UEFI - co przyniesie następca BIOS-u
23 kwietnia 2012 12:56 - Krzysztof Daszkiewicz, Thorsten Eggeling
Większość najnowszych pecetów jest wyposażonych w UEFI. Następcę BIOS-u można obsługiwać za pomocą myszy. Na dodatek obsługuje on
twarde dyski, których pojemność przekracza 2 TB.
Tuż po włączeniu komputera pojawiają się na ekranie różne komunikaty niezrozumiałe dla wielu użytkowników. Niekiedy zamiast nich
widoczny jest duży ekran startowy.
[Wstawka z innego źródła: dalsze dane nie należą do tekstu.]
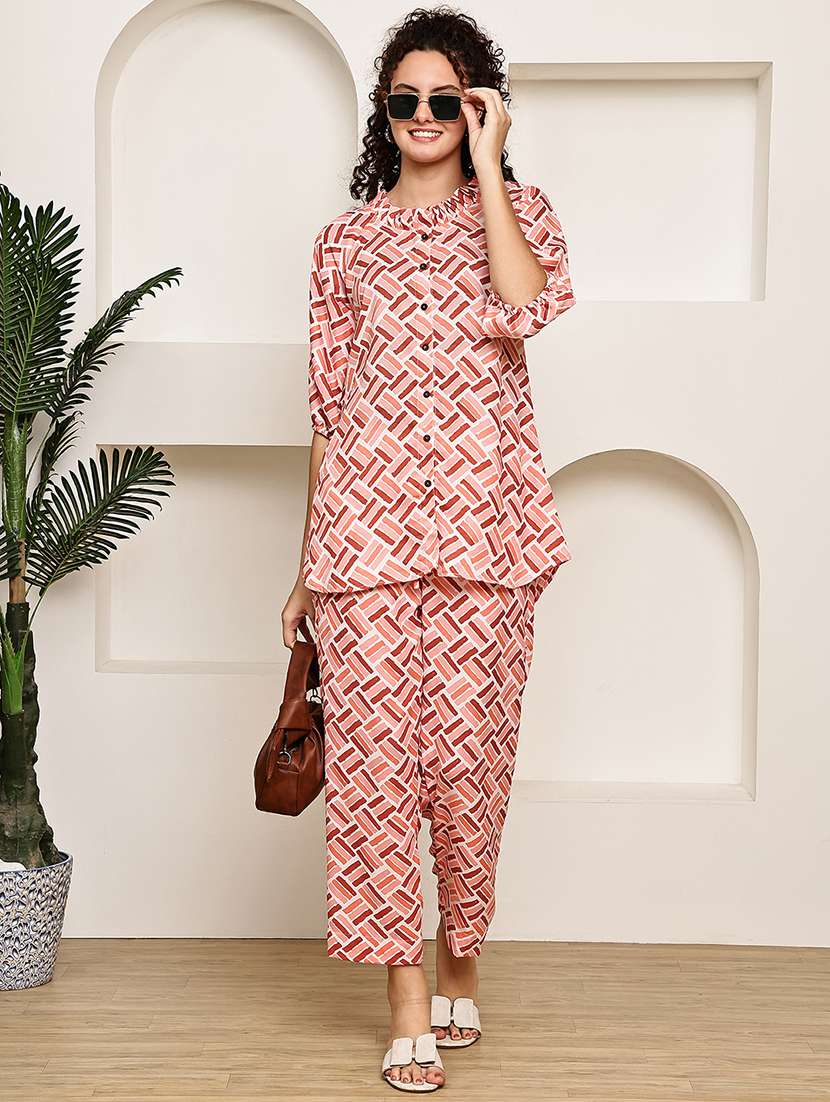 women printed top and trouser co-ord set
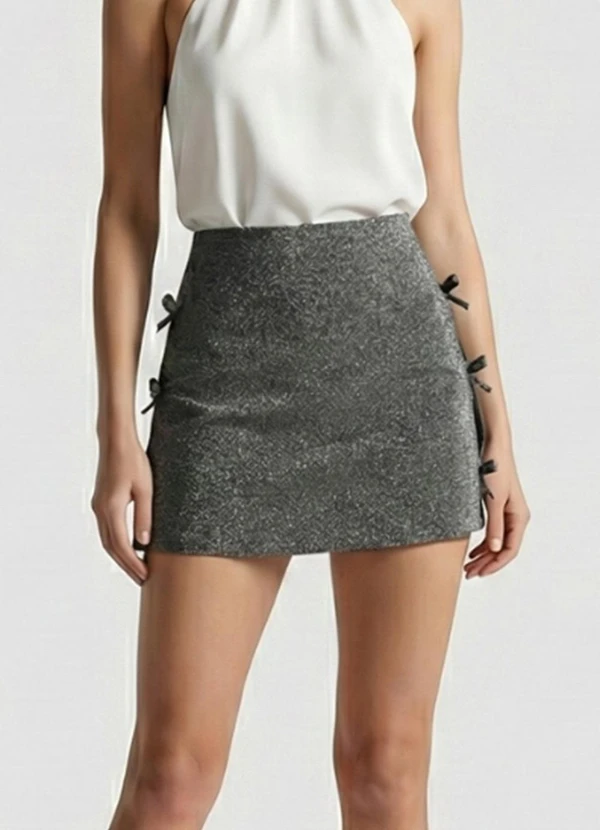 Yends Fashion - Shorts Saia Lurex com Brilho Cinza 1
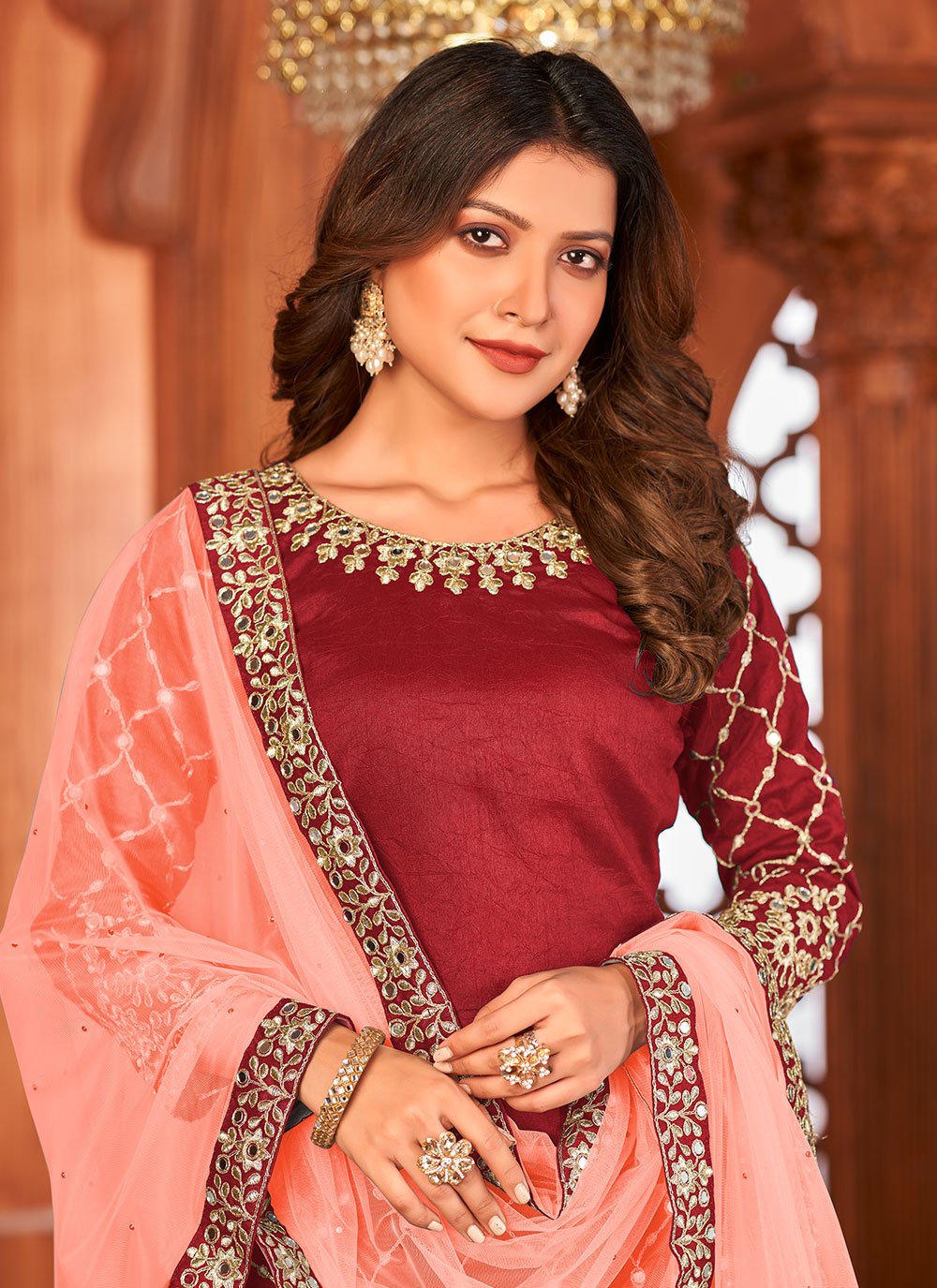 Salwar Suit Art Silk Maroon Embroidered Salwar Kameez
Dopiero potem następuje wczytywanie systemu operacyjnego (np. Windows). Wspomniane komunikaty i
ekran startowy pochodzą z tzw. BIOS-u (Basic Input / Output System). Od ponad 30 lat komputery witają w ten sposób swoich użytkowników.
Klasyczne menu konfiguracyjne BIOS-u znane wielu użytkownikom, choć nie lubiane. Jednak
wcale nie obsługiwanie za pomocą klawiatury stanowi największy problem, lecz niezrozumiałe nazwy parametrów.Teraz ma godnego następcę,
który jest gotów na przejęcie jego obowiązków. UEFI (Unified Extensible Firmware Interface), bo tak brzmi nazwa nowego systemu
rozruchowego, potrafi zarządzać twardymi dyskami o pojemności ponad 2 TB, uruchamia się szybciej i zapewnia graficzny interfejs
użytkownika obsługiwany za pomocą myszy. Wiele nowych pecetów i płyt głównych jest już wyposażonych w UEFI. Poniżej opisujemy
wszystkie funkcje, wyjaśniamy podstawy techniczne i pokazujemy, co nowy BIOS potrafi lepiej od swojego poprzednika. Ponadto dowiesz się,
na co zwracać uwagę podczas przesiadki i instalowania Windows 7 w komputerze z systemem UEFI.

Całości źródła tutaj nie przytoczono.